In this study, the feasibility of waste lime as a potential cation source in phosphate crystallization process was investigated using laboratory scale up flow reactors, adopting sequencing batch type configuration. This research focused on its successful application in a novel sludge treatment process, which is comprised of a high performance fermenter (operating conditions: 55 degree C and pH 9) followed by a crystallization reactor. In the struvite precipitation test using synthetic wastewater, considerable nutrient removal (about 60%) in the form of ammonia and phosphate was observed within 0.5-1 hr of retention time, and only small amounts (< 5%) of ammonia stripping occurred naturally due to the alkaline (pH 9) characteristic of the feed substrate.
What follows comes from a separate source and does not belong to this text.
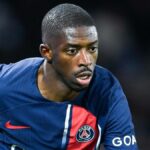 France Legend’s Shocking Rejection: Why Lamine Yamal’s Ballon d’Or Hopes Are Doomed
By replacing the synthetic wastewater with the fermentation effluent, the optimal dosage of magnesium salt for struvite precipitation was 0.86 g Mg g(-1) P, similar to the mass ratio of the struvite. The optimal dosage of waste lime was 0.3 g 1(-1), resulting in 80 % of NH4-N and 41% of PO3-P removal, at about 3 hrs of retention time. Microscopic analysis showed that amorphous crystals were mainly observed in the settled solids with waste lime addition whereas prism-like crystals were found in the system with magnesium salt added. Mass balance analysis in full-scale model plants (Q=158,880 m(3)d(-1)) based on the present experimental results revealed that nutrient recycle loading from side stream to main liquid stream would be significantly reduced. The results of the experiment reveal that reuse of industrial waste lime in a nutrient recovery system has the various advantages such as higher economical benefits and sustainable treatment of the industrial waste.